Your task:
What is needed is an exact reproduction of the lines in the records below, starting at the line with "竹盐/海盐/强化盐等不同盐种类有什么区别 食盐怎么选更健康" and ending at the line with "LAGO WHISPERS - Residential", both included, and nothing else; pictures stay out.

Record excerpts:
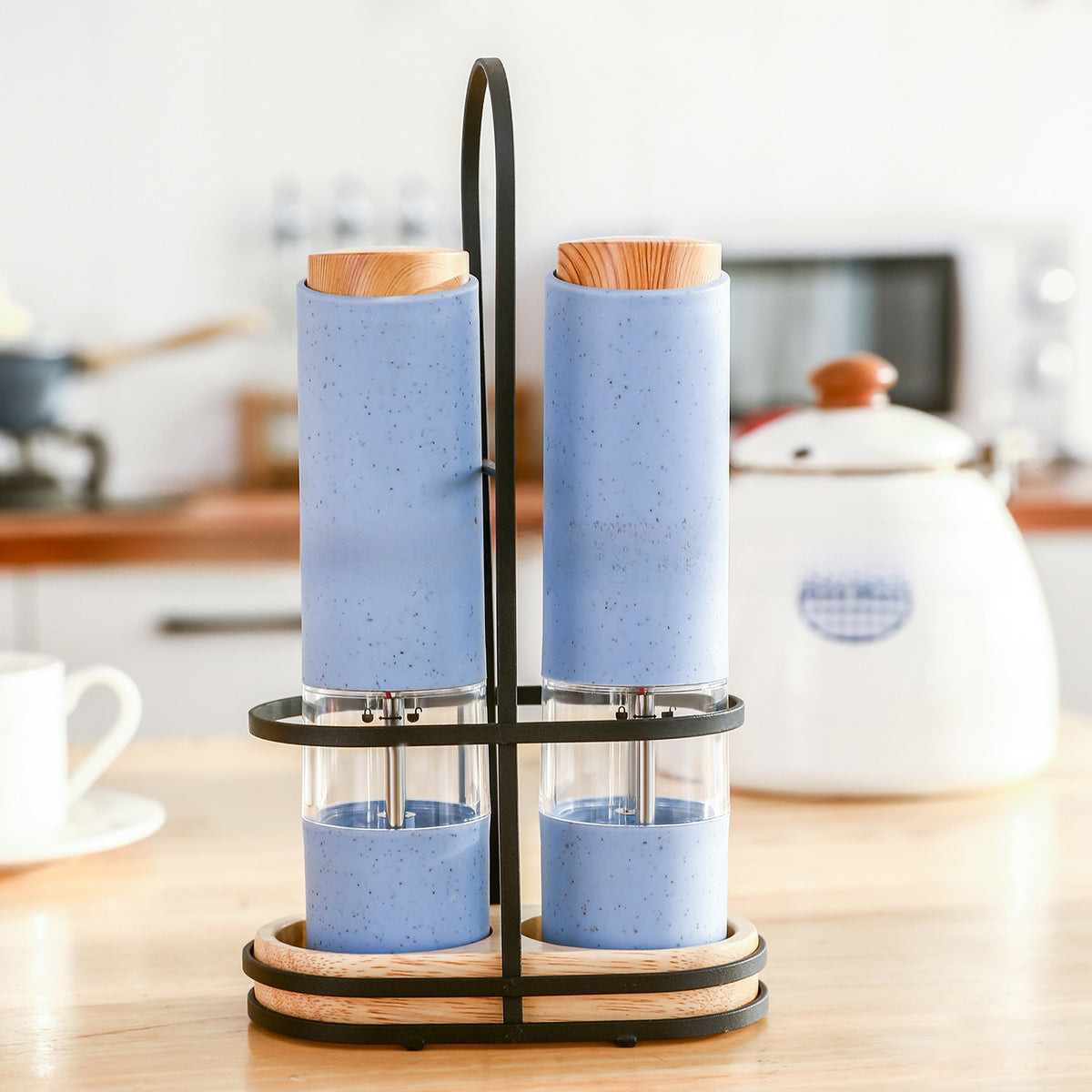 Electric Household Pepper and Salt Grinder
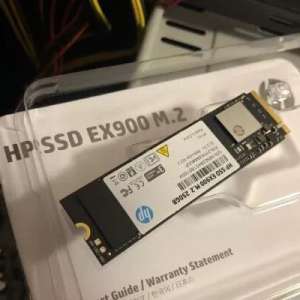 Ϊ��������ѡ����M.2�ӿڵĹ�̬�̣��ٶ�ȴ����ô����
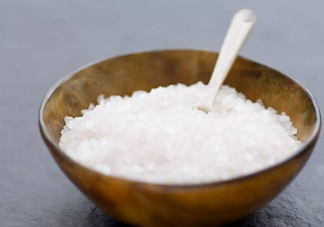 竹盐/海盐/强化盐等不同盐种类有什么区别 食盐怎么选更健康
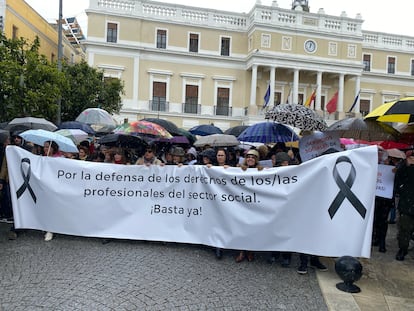 La manifestación convocada en protesta por el asesinato de Belén Cortes, este sábado, en Badajoz.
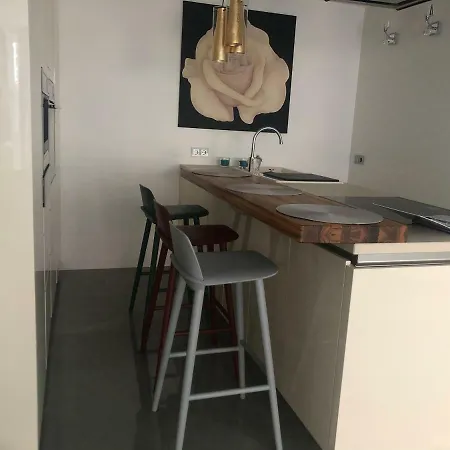 Апартаменты Luxurious 2 Bedroom Old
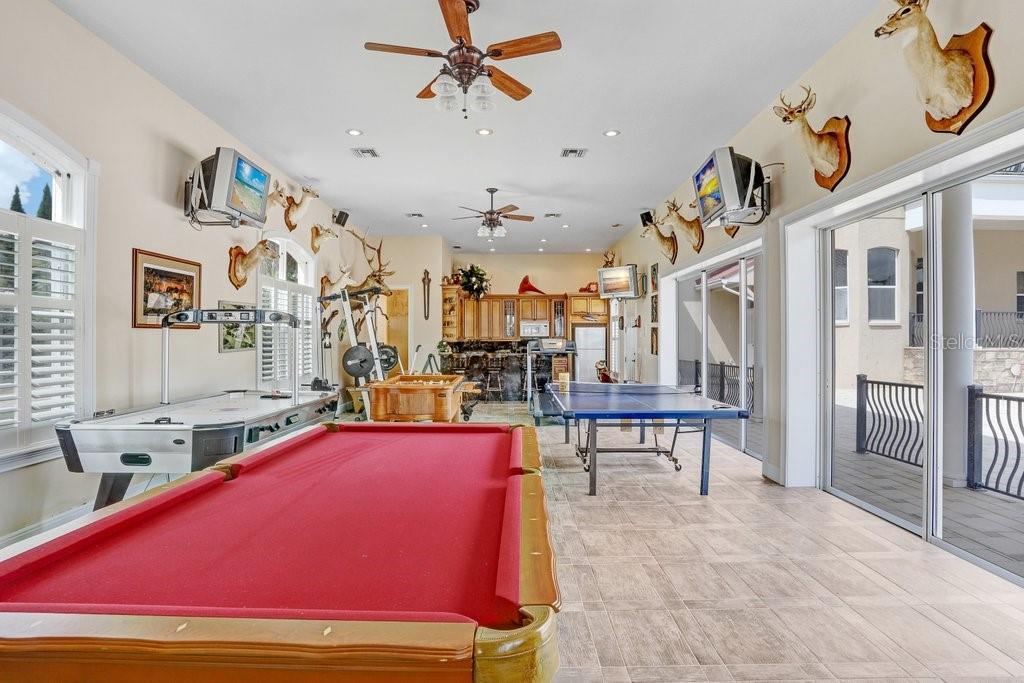 LAGO WHISPERS - Residential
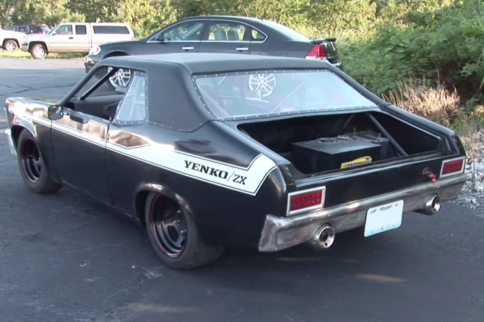 Video: Don't Adjust Your Monitor - It's A Mini Barefoot Ronnie Nova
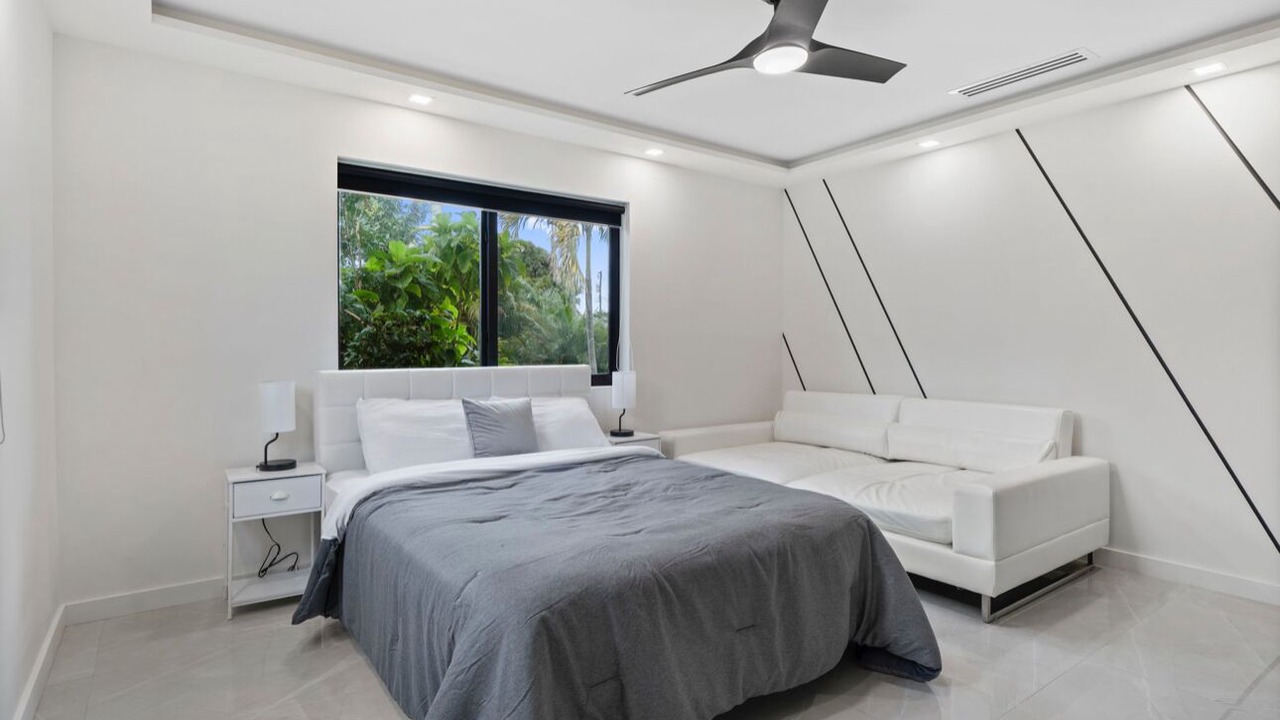 Photo of Bedroom in Royal Poinciana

Solution for this task:
 竹盐/海盐/强化盐等不同盐种类有什么区别 食盐怎么选更健康
 La manifestación convocada en protesta por el asesinato de Belén Cortes, este sábado, en Badajoz.
 Апартаменты Luxurious 2 Bedroom Old
 LAGO WHISPERS - Residential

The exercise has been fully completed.